No matter what I have said, it has been followed by "but", or some kind
of whining or protest. This is followed by some kind of argument
twisting everything up. Basic simple reality is no longer acceptable or
is considered to be some sort of intellectually intolerable
oversimplification that in many cases produces some sort of absurd guilt
if accepted.

Under the Politically Correct doctrine that rationality is an arbitrary
and punitive artifact of western civilization, psychotic ramblings and
the most infantile rebelliousness are further qualified as genius.

Mental illness is being improperly defined as intellect. Moreover,
absence of a demanded refutation for incoherent disorder is interpreted
as license to put whatever that disorder is advocating into practice.
There has developed an extensive pool of what is incorrectly labeled
intellectuality that supports reality disorders, borderline disorders,
psychopathic deviance, and so forth.

Many of the people who engage in this operate under the romantic and
self-flattering conception that they are "challenging ideas" or
"challenging middle class complacency" or something similar. In fact,
they are not challenging anything and are not capable of challenging
anything. There may be challenge in the sense of aggravation, but this
is not the same as challenging intellectual content. The content of
intellectual challenge is the same as that found when arguing with the
denial of an alcoholic or a pothead as to whether they are alcoholics or
potheads and should seek help--or are destroying their, and your, lives.

The convoluted argument with them can go on for days without your
winning a single point. At the end of that time he or she has verbally
rejected every fact. The reality is that he or she is still an alcoholic
or a pothead.

A bumper sticker states one of the world's most profound psychological
truths. The sticker says, "You can't argue with a sick mind." This is a
simple truth. But the rules of debate in front of an audience with the
mentality of the Phil Donahue fan club are not the same as the rules of
real life. The best way to win a debate before irrational or mentally
deficient people is to argue from a point of such irrationality that
there is no way any opposition can even begin to make a refutation
regardless of the validity of their position. The only thing they can do
is stammer. This was found out very quickly by the countercultural
subculture during the Sixties and Seventies. They established psychotic
levels of denial and irrationality as acceptable methods of immobilizing
opposition.

Psychotic Thinking Has Become Conventional Wisdom

It is today routine to hear levels of disordered thinking which would
have been labeled psychotic forty-five years ago. This disordered
thinking has underwritten the drug problems, the sexuality problems, the
illegitimacy problems, the AIDS problems, the family dissolution
problems, and the broad range of social, educational and economic
difficulties in this country. It has furthermore created a political
instability and made the nation nearly impossible to govern.
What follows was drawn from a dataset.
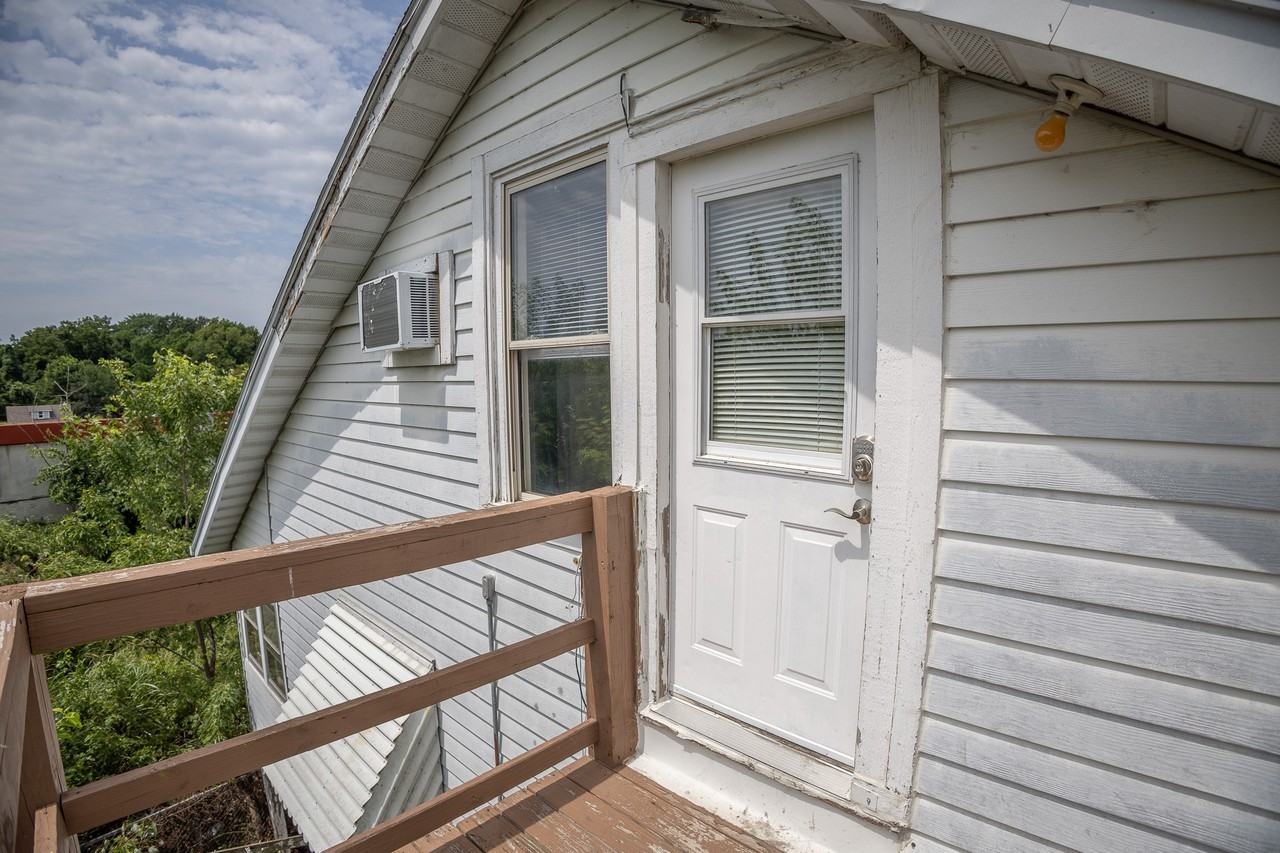 1112 E Miller St #B - Photo 4 of 18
The catastrophic consequences of drugs, of irrational narcissistic
sexuality, of irrational educational programs and all the rest are as
objectively observable as the red pen I hold in my hand. However I,
personally, have not won agreement from the proponents on any of the
issues in thirty-five years. I've been correct in my observations and
predictions for thirty-five years. But, observable basic reality does
not make a dent in countering the psychotic arguments underwriting the
chaotic consequences which are occurring. No matter how airtight the
refutation, the talk continues. No matter how inane the talk, the issue
is still considered unresolved. Capacity to continue speaking has become
looked upon as a form of refutation of absolute real-world evidence.

Not long ago I read a book review in Commentary magazine. While the
reviewer seemed somewhat sympathetic to the points made in the book, he
complained that the book author consistently referred to his adversaries
as idiots. The reviewer criticized the book author on the basis that
calling people nuts or idiots is not intellectual content or
intellectual refutation. The reviewer was absolutely incorrect. It is
profound intellectual content. It is shorthand for the valid and
important observation that the content of certain positions is a form of
mental disorder for which no intellectual refutation is possible.

The optimum method of dealing with a content of mental disorder in daily
life is to label it as such and leave the presence of the disordered
person. You dismiss whoever it is as a mental defective, a crank, or a
nut and get the hell away without bothering to answer whoever or
whatever it is. Not to do so is a very bad habit to get into. To
continue the conversation makes as much sense and is apt to have the

same rate of success as attempts to teach calculus to a goldfish. It is,
in the words of a Chinese saying, like playing piano before a cow.
Regardless of the quality of the sonata, the cow is likely to remain
unimpressed. The lack of success is not a reflection upon the sonata,
but is an innate characteristic of the cow.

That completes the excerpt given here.